Por lo menos habría que exponer las dificultades. Hay, por ejemplo, un asunto enteramente moderno: el Corazón de Jesús. Es una revelación para esta época, para los «últimos tiempos». ¿Acaso el carácter de estos «últimos tiempos» nos impide traducirlo en imagen? La Pasión no está fijada en la historia: es un hecho presente. Pero el Corazón de Jesús parece que nos trae un progreso en la intimidad de esa presencia.

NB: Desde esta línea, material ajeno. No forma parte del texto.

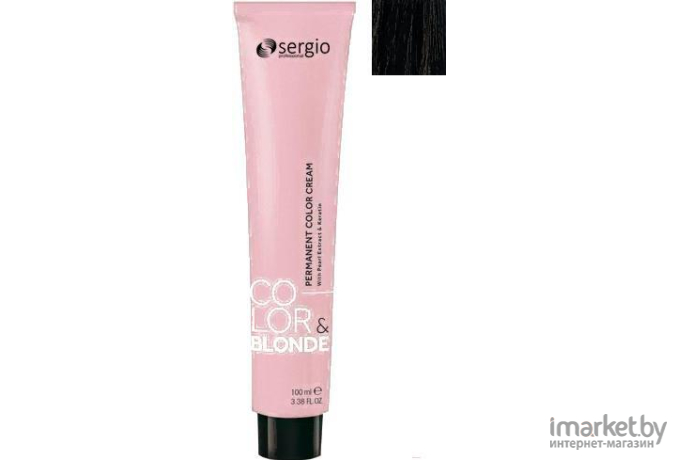 Крем-краска для волос Sergio Professional Color&Blonde 2 (темно-коричневый интенсивный)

Cristo baja de la Cruz a causa de la frialdad de los hombres. Viene apostólicamente. No puede representársele desnudo, pero el vestido debe cubrirle sin vestirle, porque los atributos de la Pasión no han de ser alterados sino trasladados. El oprobio y el dolor ya no están en su rostro y en sus miembros, pero se reflejan en ellos. La cabeza no tiene la corona, pero siente la corona. Los miembros no están estirados en la Cruz, pero son la Cruz. Todo reside en el corazón. Allí están realmente la Cruz y la corona y el fuego y la herida del costado. Es la Pasión vista por la herida del costado: una divulgación de las entrañas de misericordia. El corazón está de manifiesto, sobre el pecho, que es un ostensorio. No puede ser tratado con verismo. Más que pintado o esculpido debe estar escrito. Escrito, porque es una palabra a los hombres. Escrito, porque en él se cumplen todas las Escrituras. Corazón doloroso, cor myrrhatum, mare amarissimum, omni tam angelico quam humano intellectui innavigabile[2]. El artífice espera la palabra del teólogo o del místico que haya volado como un ave marina sobre esa amargura inconmensurable.

* En «Revista Número», Buenos Aires, N°6 - junio de 1930.

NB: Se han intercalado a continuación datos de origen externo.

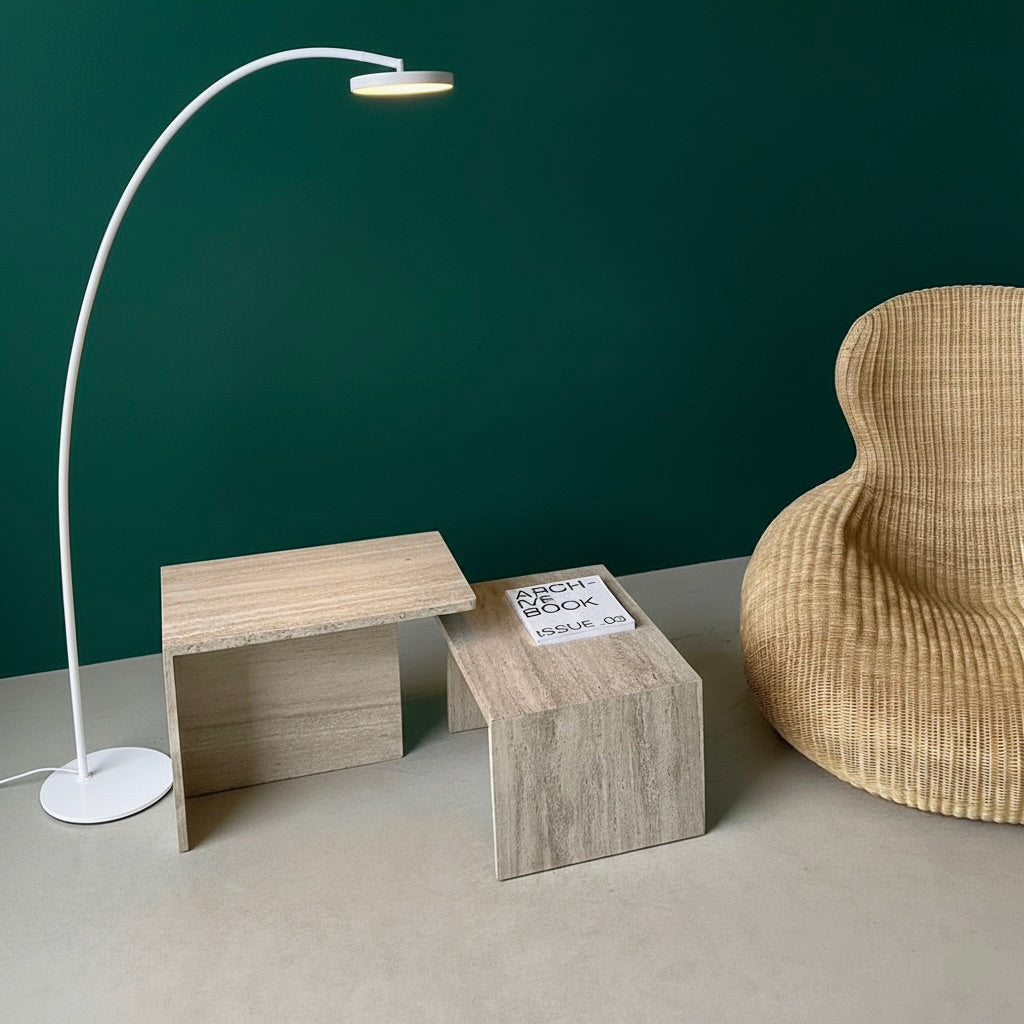 travertine table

[1] La «Conversio ad phantasmata» es -dicho en términos generales- la aplicación de un significado universal a una realidad individual. Al referirse el autor al arte religioso, que en cuanto religioso supone una idea teológica, una verdad acerca del misterio de Dios, señala que, como tal, debe ser ésta plasmada en la materia sensible y concreta por el artista (Nota de «Decíamos ayer…»).
[2] «Un corazón lleno de mirra, un mar amargo, innavegable a todo entendimiento angélico y humano».